Re: Adaptec SCSI Driver fails during mirroring failover testing (2.2.15/2.3.99-pre6)

From: Jeff V. Merkey (jmerkey@timpanogas.com)
Date: Thu Apr 27 2000 - 16:04:35 EST


Doug Ledford wrote:
>
> > <sigh>....please check the code in question before proclaiming in ALL CAPS
> that it does something that it doesn't. The Adaptec driver doesn't disable
> anything, it also does time anything out nor call for any SCSI bus resets.
> This is all done at the mid layer of the SCSI code, not at the driver level.
>
>

If the SCSI device fails, it should send a test unit ready (0x0),
followed by an inquiry command(0x12) to reprobe just the one device --
not disabling the SCSI bus for every active hard disk the driver is
controlling.
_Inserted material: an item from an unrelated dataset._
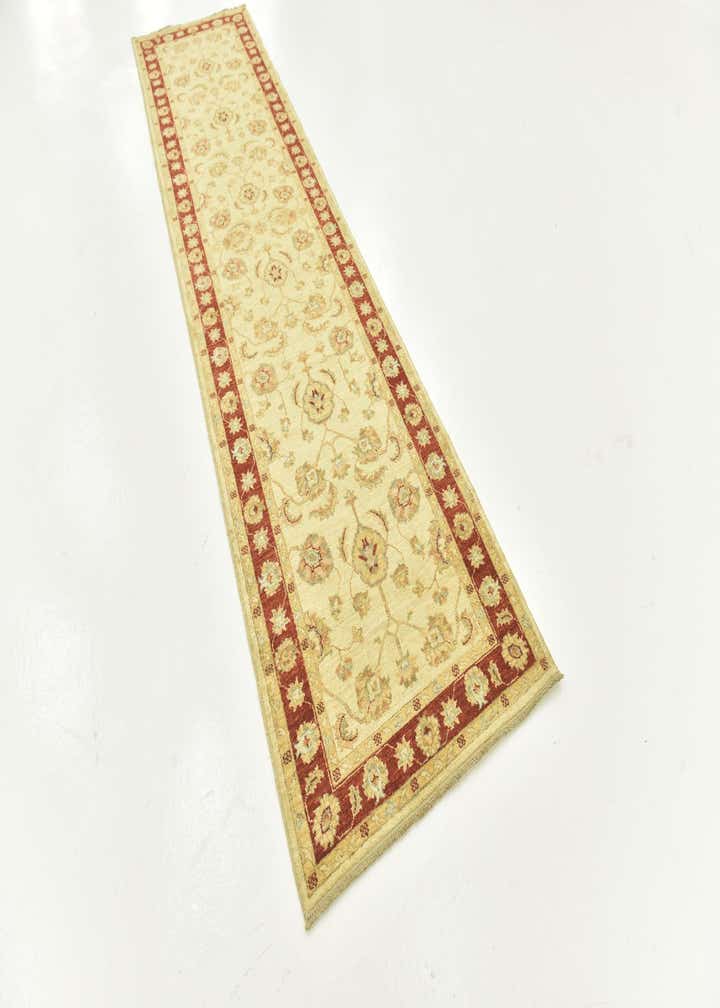 2' 9 x 11' 1 Hand Knotted Peshawar Ziegler Runner Rug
The Scripts should be robust enough to reset the bus
without a SCSI manager getting involved or this being propagted to some
upper layer module. The only exception to this would be for non-script
SCSI chipsets (which this one is not).

(I wrote SCSI scripts on NCR chipsets in 1991-1993 for Memorex Telex for
Comm and Disk (PC and Mainframe and S370 Channel) and am very familiar
with how this stuff is supposed to work -- killing a bus because someone
pulls a swappable device out is a poor implementation -- it shouldn't
work this way).

I take it this means that if a single SCSI device ever fails, the SCSI
module in Linux will potentially disable active devices, and mirroring
failover on SCSI may not work correctly on some Linux SCSI drivers. FYI
- The IDE driver works just fine if you unplug the cable from an active
hard disk (I get IO errors, but can recover the system). If I take what
you are telling me here at face value, then mirrored failover on SCSI
may not work without some type of change being made to the SCSI layer.
FYI -- NetWare and Windows 2000 both handle this just fine on the
identical hardware.
 
>
>
> Which is to be expected if your systems goes down unclean. How long did you
> wait before powering it off?

10 minutes.

>
> > On I/O error, or a SCSI command timeout error, the driver should simply
> > return I/O errors to the system and leave the remaining SCSI devices
> > operational on the system.
>
>

To be precise, this is exactly what the aic7xxx driver does, no more, no
less.

Then how do we enable the system not to do this. The SCSI module should
not be disabling active hard disks just because someone pulls a hard
disk out of the chassis on one of the SCSI buses.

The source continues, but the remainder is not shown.